Hearst looks like it is having some trouble filling Glenda Bailey’s old role at Harper’s Bazaar and is now scrambling to name a replacement editor-in-chief before Fashion Week begins in March.
“It’s odd that we haven’t heard anything from them with the fashion shows just around the corner,” said a source at a rival publisher.
Laura Brown, the editor-in-chief of InStyle, is the newest name on the wish list, sources tell Media Ink. She has been approached but so far has given Hearst Magazines president Troy Young and chief content officer Kate Lewis the brush-off.
One source with knowledge of the search said that Brown, an executive editor at Harper’s Bazaar before she was lured to replace Ariel Foxman at InStyle, has not been crossed off the list entirely but is now regarded as “a long shot.”
Two other potential candidates, WSJ Magazine editor Kristina O’Neill and Stella Bugbee, editor-in-chief of New York Magazine fashion site The Cut, have both been in to see the Hearst executives but are not interested. Joyann King, the inside candidate who is running Bazaar’s website, is also still in the running, even as Hearst looks outside.

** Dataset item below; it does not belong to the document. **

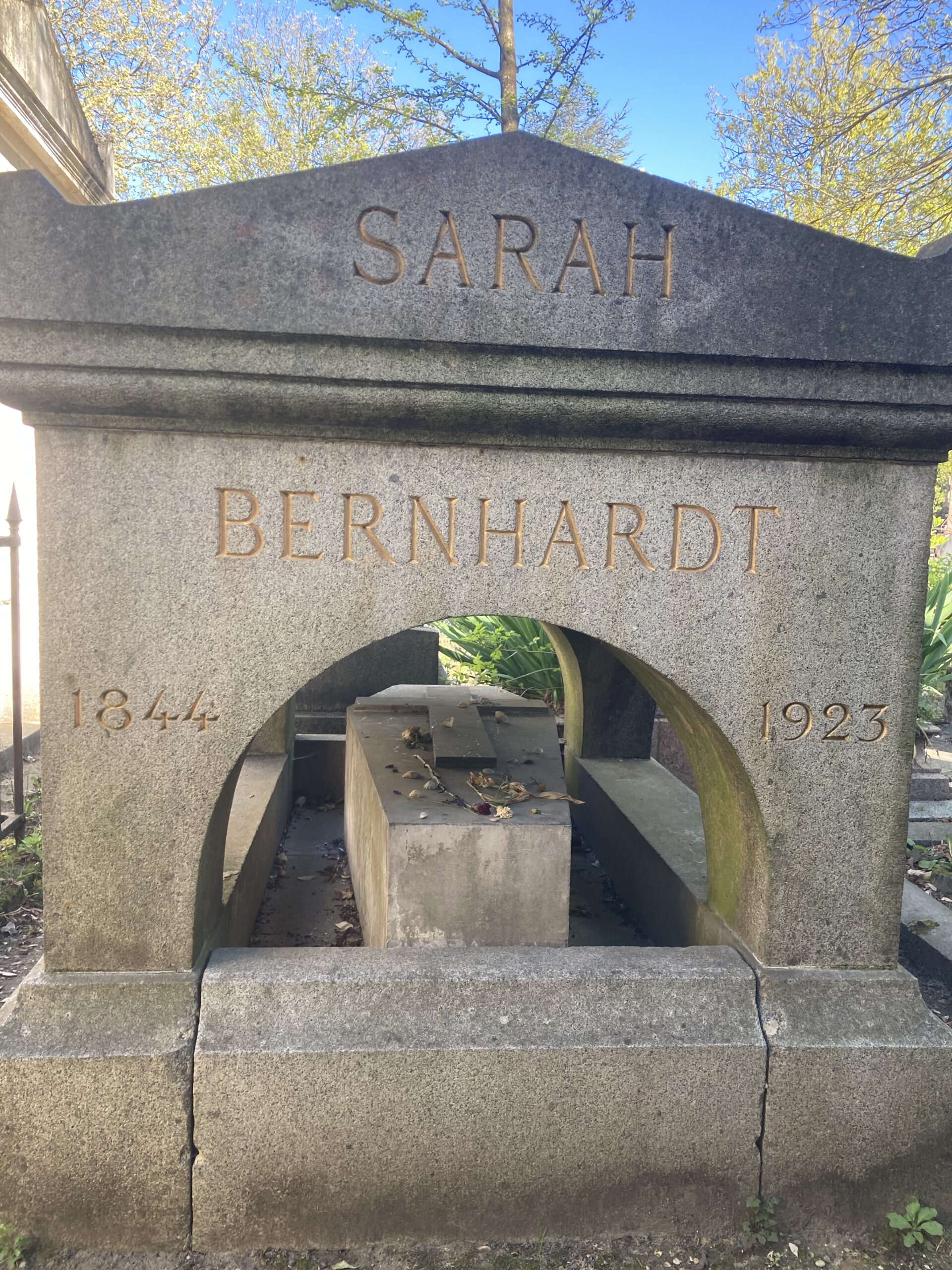 Femmes célèbres du Père Lachaise – Image 5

The job opened up when Bailey said she was going to step down after 19 years and be a consultant to the worldwide HB brand. She was seen as a highly creative print designer with a long list of advertising contacts. On the other hand, she did not have any of the digital expertise that is vital in the current media mix — and was also said to be tough to work for. That might have hastened Hearst to make the retirement decision without a clear replacement in mind.
“She was an absolute nightmare to work for,” said one ex-staffer. “‘The Devil Wears Prada’ writ large.”
An insider at Hearst now says a replacement is expected “in the next month or so.”